Collected data entries:
* * *
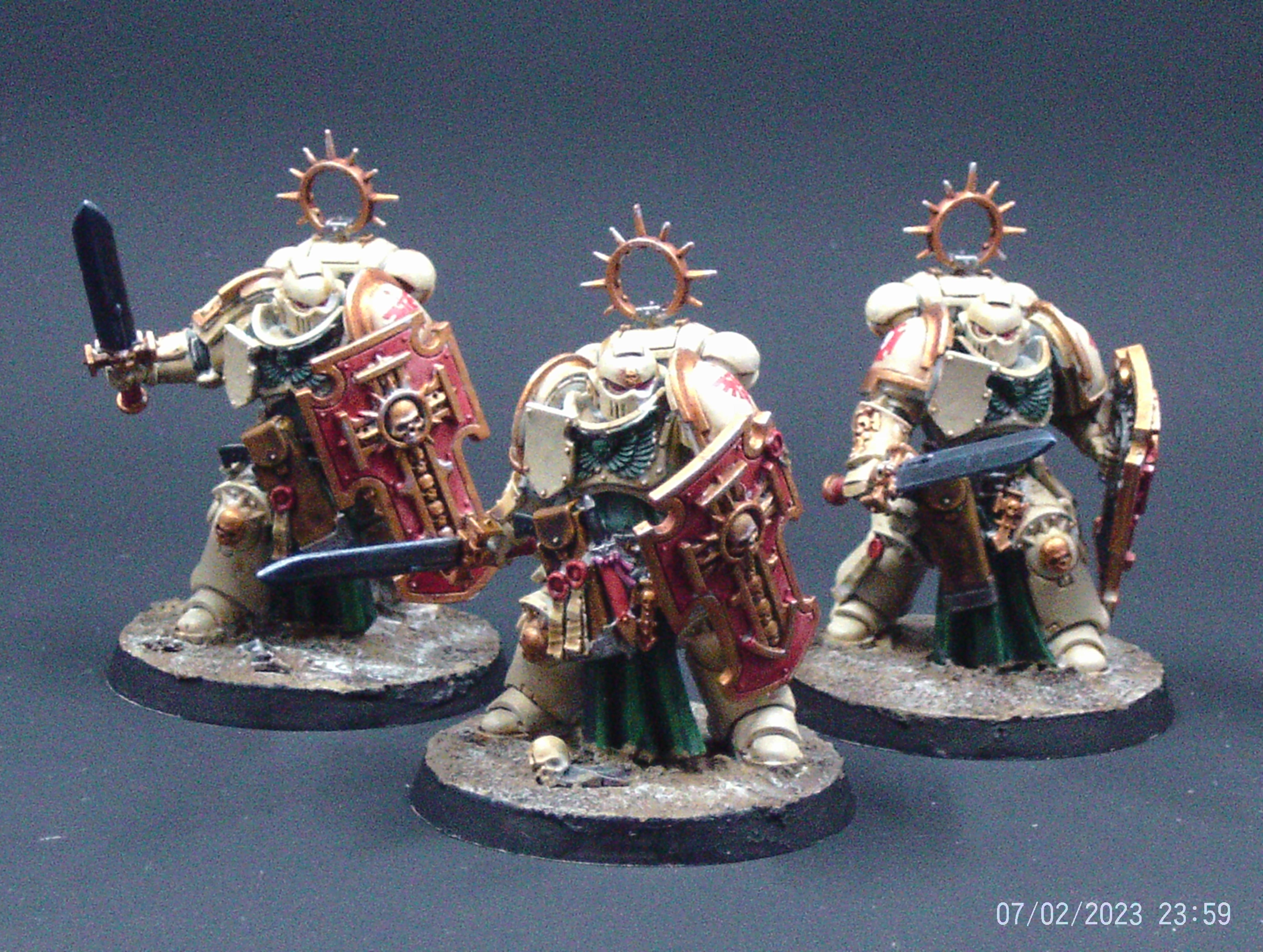 Bladeguard Veterans Front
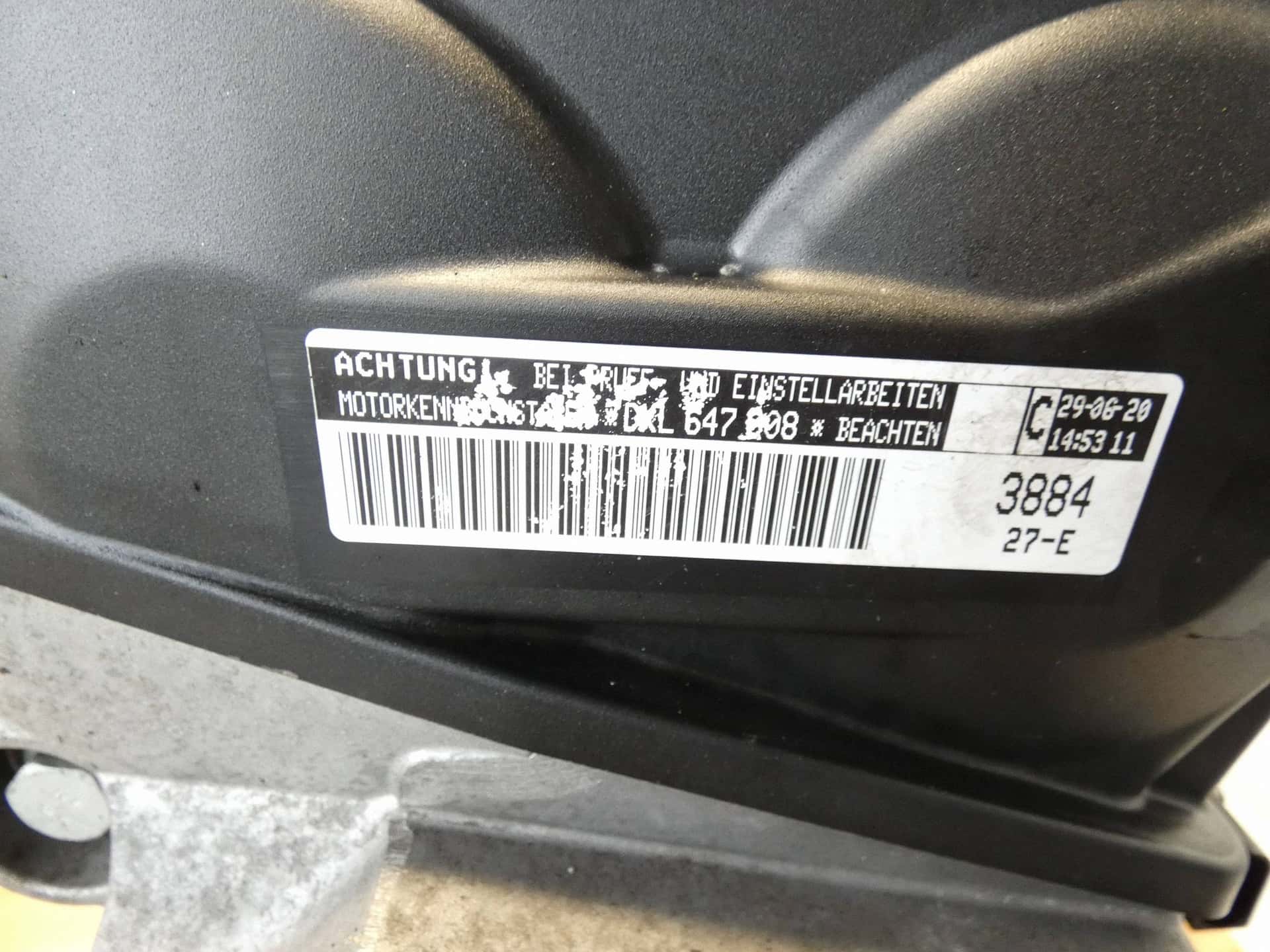 Moteur DKLD vue 7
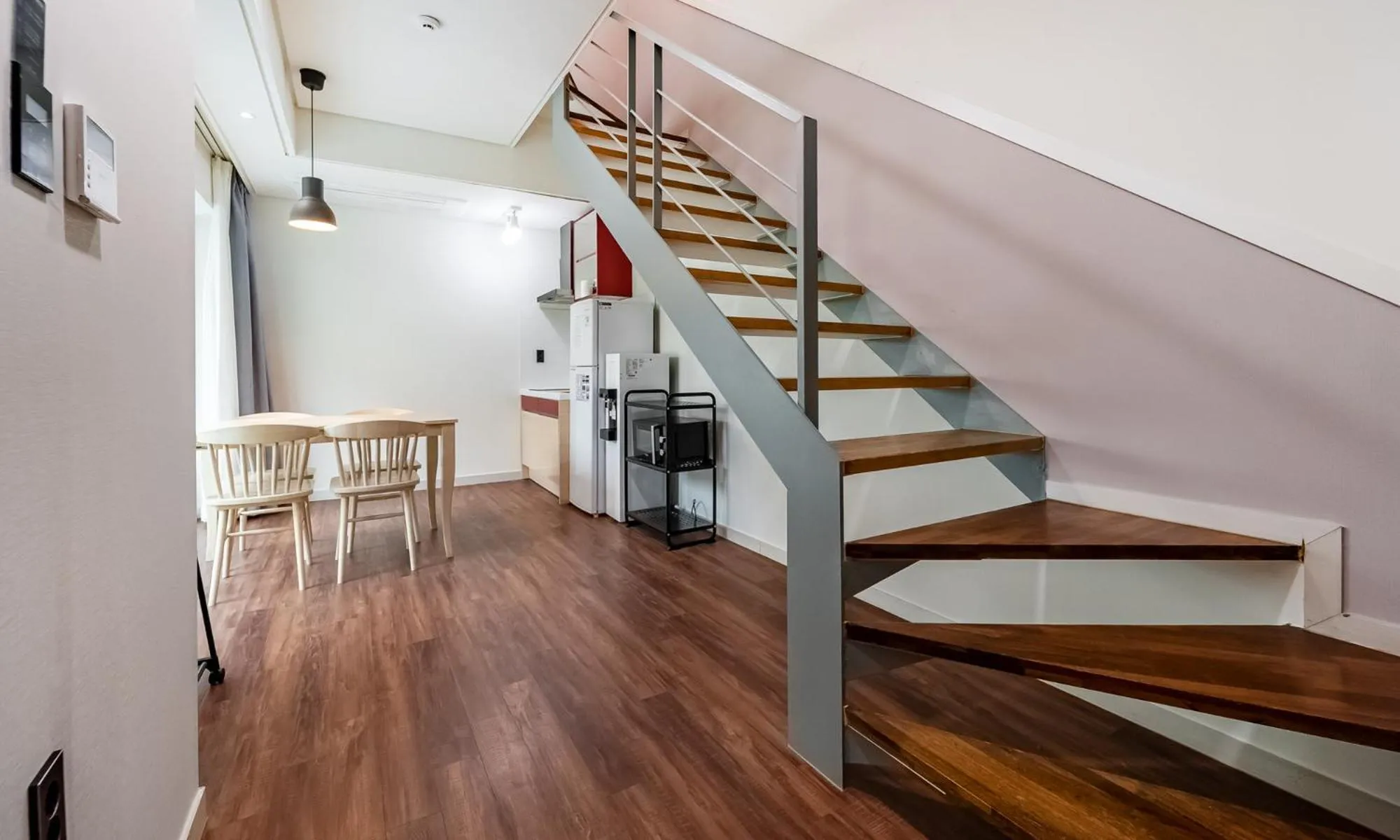 Kitchen or kitchenette, Dining Area in Pool Villa Sorang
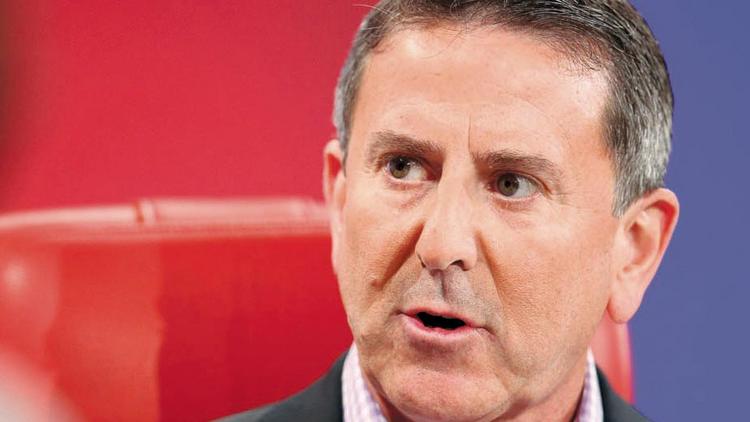 Brian Cornell, Target CEO, says Hispanic shoppers are "staying at home."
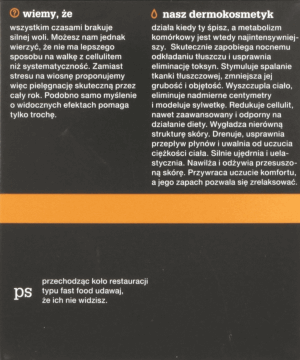 TOŁPA dermo body cellulite 250 ml na Arena.pl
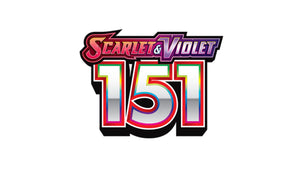 Scarlet & Violet 151 (MEW)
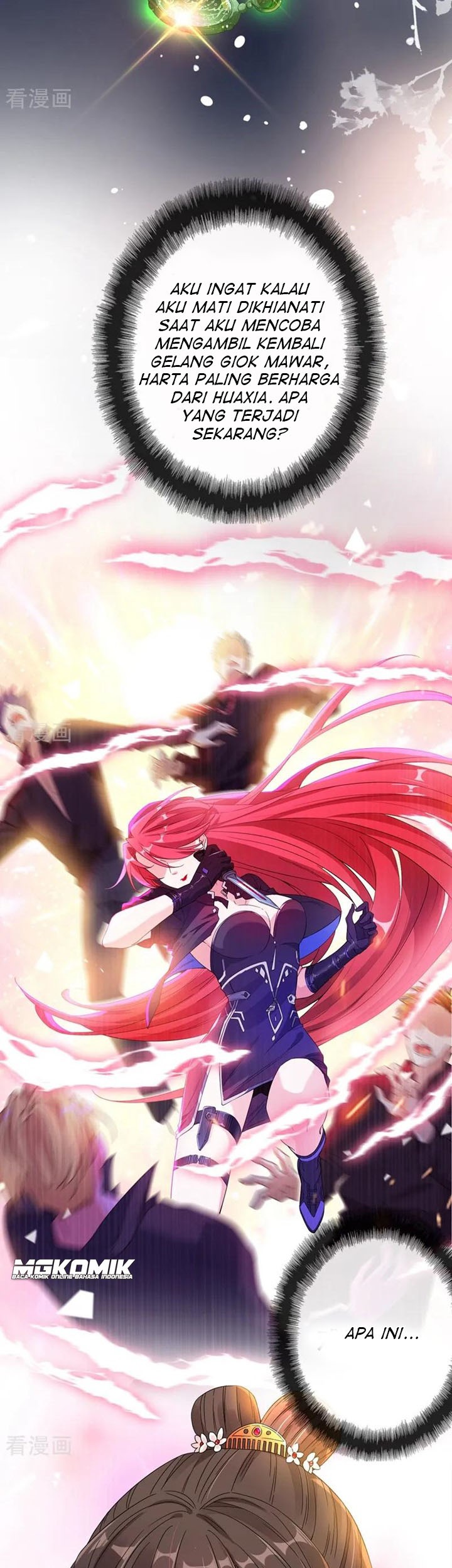 My Chubby Princess Chapter 01 Gambar 15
* * *
*Task description:*
Skipping all images, print the data above a second time exactly.

*Finished exercise:*
 Bladeguard Veterans Front
 Moteur DKLD vue 7
 Kitchen or kitchenette, Dining Area in Pool Villa Sorang
 Brian Cornell, Target CEO, says Hispanic shoppers are "staying at home."
 TOŁPA dermo body cellulite 250 ml na Arena.pl
 Scarlet & Violet 151 (MEW)
 My Chubby Princess Chapter 01 Gambar 15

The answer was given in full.